The biggest difference is that the students are the ones driving their learning, says Benge, and that they do not need to wait for the teacher to tell them what they’re doing that day, and they don’t need to wait for an instructor to lead them through a certain activity.
“They can come in and know what to do to get started, and all of the tools are at their disposal without needing to wait for an instructor or teacher to come around.”
Students in FUSE have access to a diverse suite of challenges. They choose who to work with and whether they work alone or collaboratively. This choice and interest-centered environment helps all students find challenges which inspire learning and engagement.
“I really like the fact that we can have our work be completely unique,” said the student. “The whole creation process, you can follow the guidelines and do what the tutorials ask you to do, but once you have the tools from that, you have the ability to really expand and make whatever it is you want to make.”

FUSE Studio at Eagle Rock School and Professional Development Center
Each challenge is a carefully designed educational activity composed of levels in increasing difficulty. Each challenge is based in a STEAM topic and designed to appeal to students’ personal, non-STEAM interests. The leveled structure of FUSE challenges allows for personalized learning. The early levels hook students and provide early success, while more advanced tasks in later levels build confidence and ability.
“Level one is a whet the appetite kind of level, which gets students started with something easier, so they can see where they might go with the later levels, but it’s getting them to have that first success,” said Poore. “The next levels get more and more complicated, and they get to see newer and different successes and feel themselves moving toward that goal while also building the skills that they’re going to need to get there.”
The increase in difficulty sometimes leads students to not complete all the steps within a challenge. Many people may deem this a ‘F’ if they were grading a paper or filling out a report card, but the “F word” in question here – failure – is very rarely used, if ever, in a FUSE studio. That’s because in FUSE, failure is just another try.
According to Benge, it’s important for the student to determine what ‘done’ is for them on a certain challenge. She offered her personal philosophy, saying, “I don’t think a done point requires them to have accomplished a set amount of challenges or a set amount of levels. It is up to them, and they have that challenge by choice and freedom to move through the levels at their own pace. We work with them on setting goals, but goals aren’t often centered around achievement of levels. It’s achievement of problem solving, or asking for support, so I think those are more of the things we work with them on in FUSE.”
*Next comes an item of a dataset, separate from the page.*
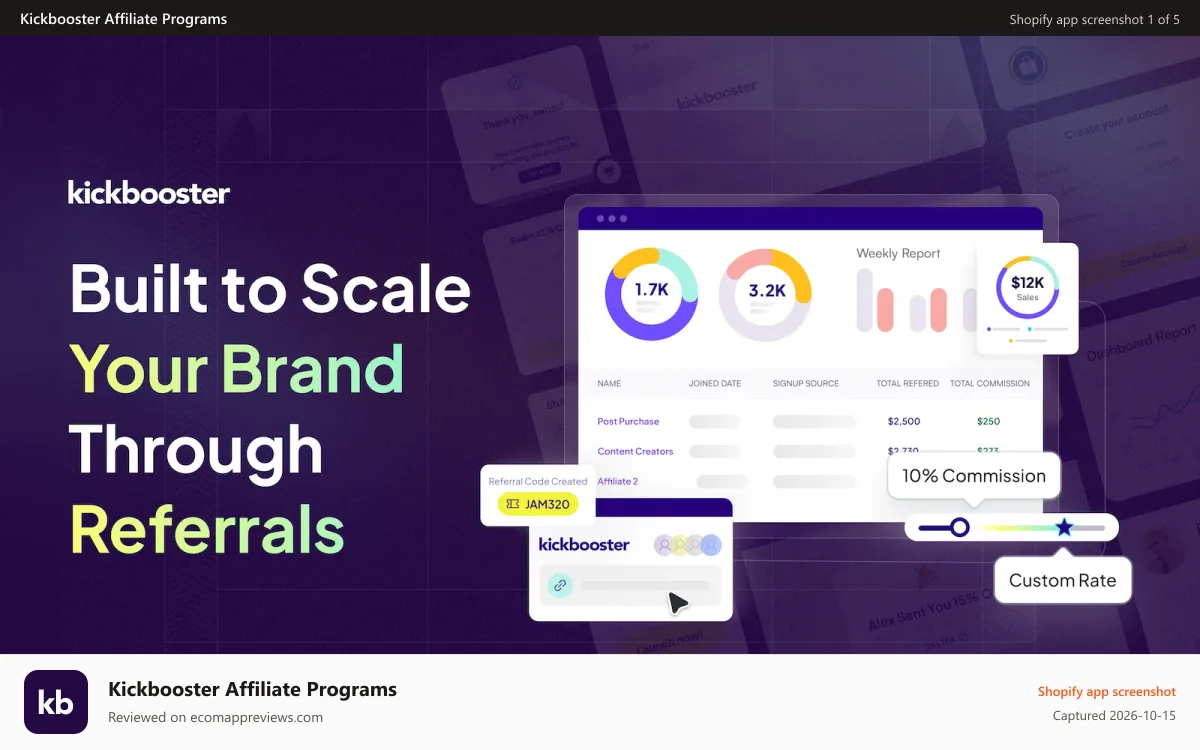 Kickbooster Affiliate Programs Shopify app screenshot: Scale your brand through referrals with Kickbooster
“My favorite thing about FUSE is watching students find the challenge that sparks their excitement and curiously. Sometimes that takes a bit, but it’s cool to see them work through challenges and really stay focused on something that maybe they haven’t done in the past. I do think that students surprise themselves, but I think that it’s not necessarily exclusive to the FUSE labs. I think that students do that in their lives everywhere all the time.”